A couple of days ago I was able to attend the Carnegie Mellon University Sports Analytics Conference in Pittsburgh. It was a great well-organized meeting — it included a variety of talks by people from CMU and outside speakers on different sports. I thought I’d use this week’s post to highlight several presentations that I found particularly interesting.
Brian Burke’s Keynote Address: Brian Burke is a senior sports analyst at ESPN — Brian is well-known for his early use of win probabilities in football. Brian gave an interesting talk describing his career from officer and aviator in the U.S. Navy to his current position at ESPN. He emphasized that the E in ESPN stands for entertainment and one always has to view their work in sports analytics from an entertainment perspective.
Since I’m mentioning win probabilities, I have to share (from Baseball-Reference’s game page) the win probability graph from last night’s wild Game 5 between the Astros and the Dodgers. There were five specific plays that each had over a 25% change in the win probability — the walk-over single by Houston’s Alex Bregman changed the win probability by 39%!
Ron Yurko’s Talk on nflWAR. Ron is a doctoral student in Statistics at CMU and also has been active in the Carnegie Mellon Sports Analytics Club. Ron gave a very interesting talk that essentially applies the baseball openWAR approach to football. I am especially interested in his use of multilevel models to measure the contributions of individual offensive players in the NFL. Football is more challenging than baseball from an analytics perspective since offensive contributions such as running and passing are clearly a result of a number of players. In baseball, we have a similar problem in understanding how much runs scored against depends on the pitcher and the fielders.
Luke Bornn’s Talk Mapping NBA Strategies. Luke works for the Sacramento Kings and described interesting research on categorizing offensive plays in the NBA — he calls this machine learning algorithm “Possession Sketches”. In text mining, there currently exists methodology on how to collect, explore, and categorize collections of text, and Luke is trying to use these methods to categorize descriptions of offensive plays. He effectively used video clips to illustrate his methods. I think this project is potentially very useful for coaches in getting a better understanding how players contribute to scoring plays.
Rob Engel’s Talk on StatCast. Ron works for MLB Advanced Media and has been involved in the building of the baseball data pipeline by MLBAM. He provided an overview of the type of data they collect, the equipment installed in all MLB parks, and how this data is used by teams, broadcasting, and the public (applications such as MLB At Bat). I wondered if MLBAM has reached the limit to what can be measured on a baseball field and the answer is no — for example, they measure only the location of the middle of a person’s position and they would like to know more about the location of feet which might be helpful in understanding how runners move about the bases.
A Panel Discussion. There was an interesting panel discussion with four people who do sports work in the Pittsburgh area: Bob Cook is a former pitcher who does analytics work for the Pirates, Buddy Clark is a professor of mechanical engineering and material sciences at the University of Pittsburgh who works for Diamond Kinetics, Karim Kassam has a background in electrical engineering and computer science and does analytics work for the Steelers, and Sam Ventura is a recent phd in Statistics who is the director of hockey research for the Penguins.

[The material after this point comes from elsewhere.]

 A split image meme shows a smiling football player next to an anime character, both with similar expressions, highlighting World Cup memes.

Here are some highlights from their discussion:
Question to Panel: Advice for students wanting to work in the sports analytics field? Look for opportunities and just dive in and do it. It is helpful if you know some programming language. It is important to know SQL (database language). Read blogs and other articles so you knowledgeable about the field. Produce your own analytics work so you can showcase what you can do. Teams are interested in people who have passion and skills for doing useful work.
Question to Panel: What is the hardest part of your job? Communicating with people who have different backgrounds. Putting data into different forms — trying to make the process of working with data as efficient as possible. Prioritizing what to work on. Writing good well-documented code for your work.

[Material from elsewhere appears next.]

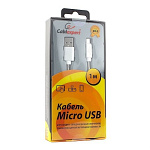 1642636 Cablexpert Кабель USB 2.0 CC-G-mUSB02S-1M AM/microB, серия Gold, длина 1м, серебро, блистер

The impression I got from this panel discussion was that a sports analyst has to work with many different people on a team including the front office, coaches, and players. There can be tension between coaches, players, and analysts which creates challenges in doing one’s job. One’s ability to communicate, that is, express statistical ideas in helpful ways, is very important. Teams (especially the ones outside of baseball) don’t have large analytics groups, so an analyst will typically have many responsibilities.
I could say more about the meeting, but generally I left being very impressed with the activity at CMU — they have a relatively large sports analytics club for students with support from the Statistics department. It would be great if Bowling Green could have a similar student sports analytics club. I believe this CMU meeting will be a yearly event and I am already interested in attending the 2018 meeting next fall.
Added Nov 4, 2017:
Related to the panel discussion, I just saw an interesting article about Getting (a job) into Sports Analytics which makes a lot of good points.